I recall 20 years ago attending a seminar with some friends where the concept of residential investment property was pitched. It made sense. Put down a 10% deposit (at the time around $20,000), rent out the property at market rent and don’t worry if the rent didn’t cover the mortgage as you could save or offset that cost on your tax return.
After 20 years the property would be yours and by then it would have doubled in value; better still take some of the capital appreciation out of the first property after a year or so, and buy another rental property, then another and so on. It made complete sense and I know a lot of people jumped on the bandwagon. Private rental property investment subsequently mushroomed through the 90’s and into the new century.
I did not participate at that time nor since. To me the things that were not talked about were the things that troubled me most – maintenance of the property, continuity of tenancy and surety of payment. Also, I must admit offsetting the costs against your income tax is still a real cash cost. It is really only a benefit from an accounting perspective.
Offsetting expenses is about to be addressed head-on as part of proposed changes to the tax rules before parliament this year. This signalls the desire by the current government to close off the ability for private individuals to offset losses on property investment from their private income for tax purposes. A move that will impact all property investors who are heavily leveraged with some form of finance arrangement. It proposes bringing property investment in line with other forms of investment which have never been offered with the attraction of offsetting interest costs against personal tax.
This proposed change is not the first, nor is it likely to be the last legislative change to impact the residential property investment business. Over the past few years we have seen the mandatory requirement of smoke alarms and from mid this year insulation requirements in rental properties. Add to this the likely changes to tenancy rules including the ending of no-cause terminations, and the likely increase notice periods to terminate tenancies, as well the prospect of a Warrant of Fitness.
These changes are a reflection of an appreciation that tenants, and the ‘rental generation’ as it has been termed, cannot continue to be viewed as a subservient fuel to the engine of property investment. Tenants should expect to be provided with housing that meet basic levels of safety and liveability. In NZ, when we compare ourselves to many other countries, we have not been afforded an equitable balance that provides tenants with the surety and security of long-term occupancy. In many countries such occupancy can potentially be for life and valued by the tenants who are prepared to treat the property as their home. This rebalancing of this tenant / landlord equation is what these likely proposed changes to legislation will seek to achieve.
For private landlords these legislative changes will be seen as a burdensome and maybe to some, a bridge too far, that sees the appeal of residential property investment lessen. They may well cash-up, seeking new investment options which when compared to 20 years ago are certainly more plentiful.

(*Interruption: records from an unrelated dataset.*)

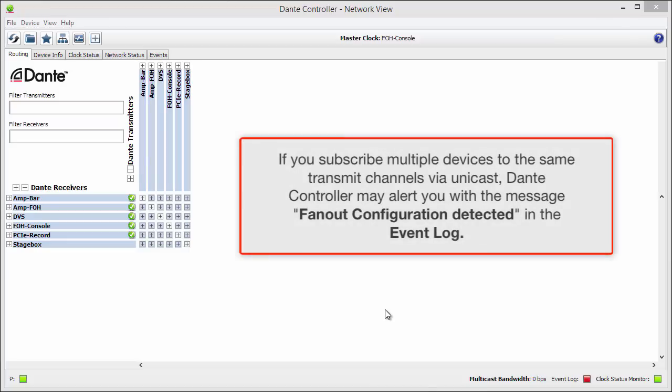If you subscribe multiple devices to the same transmit channels via unicast, Dante Controller may alert you with the message fan-out configuration detected in the event log.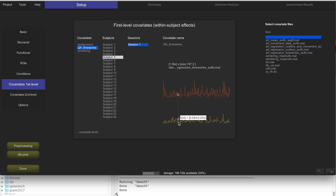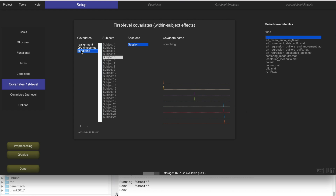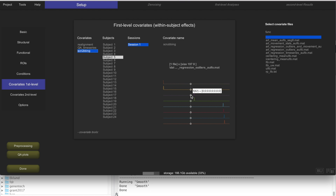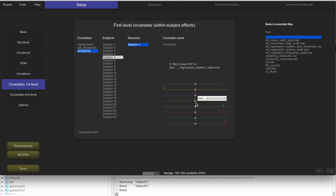The second time series is framewise displacement — a measure of how much the subject moves from one acquisition to the next. High values represent a lot of motion between two adjacent scans and are a good indication of potential outliers. Scrubbing is the identification of potential outliers in these two time series. This is the result of ART, the outlier identification step — it identifies scans that might be potential outliers because of too much motion or too many global signal changes.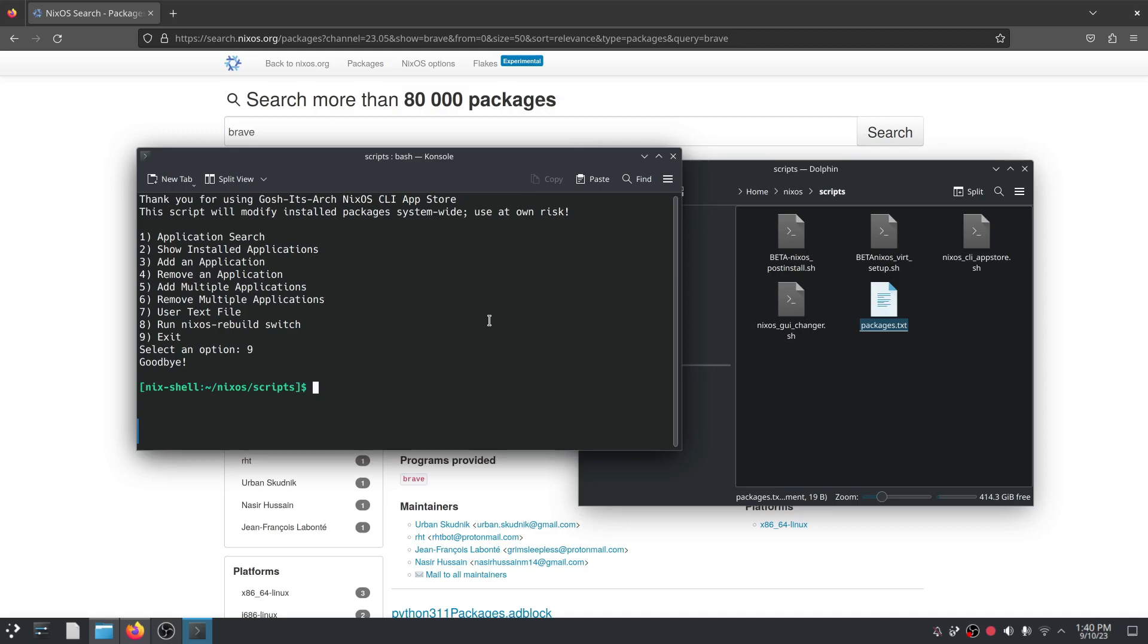So folks, here's the basic CLI app store. Feel free to use it and let me know what you think. Remember, it's recommended to only do it on a new NixOS installation and it will of course modify the package system wide. And folks, as always, thank you for watching. Bye for now.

Some investors will be attracted to the idea of shared ownership of investment property which offers the same principle of “bricks & mortar” investment in property but without the hassle. The property is fully managed and with no gearing there is no question as to mortgage lending issues. PropertyShares* in investment property allows for diversification, one of the core principles of sound investment. The classic principle of don’t put all your eggs in one basket principle which almost all private property investors fail to heed. The Property Crowd is an innovative solution for such prospective investors allowing for the partial ownership in PropertyShares in a single property with the potential for liquidity and transparency of these shares through a regulated trading market.
The fact is legislative changes are coming to the rental property market, they are whilst hinderance to landlords, do provide a safeguard for tenants. With well over 40% of the NZ population living in tenanted accommodation they are a core part of our community and need the legislative support, but just as importantly they need safe and secure accommodation. Accommodation that property investors want and need to provide. The change is most likely to come in the method of ownership to better reflect these changes.
PropertyShares*. Shares in a holding company that owns a residential investment property.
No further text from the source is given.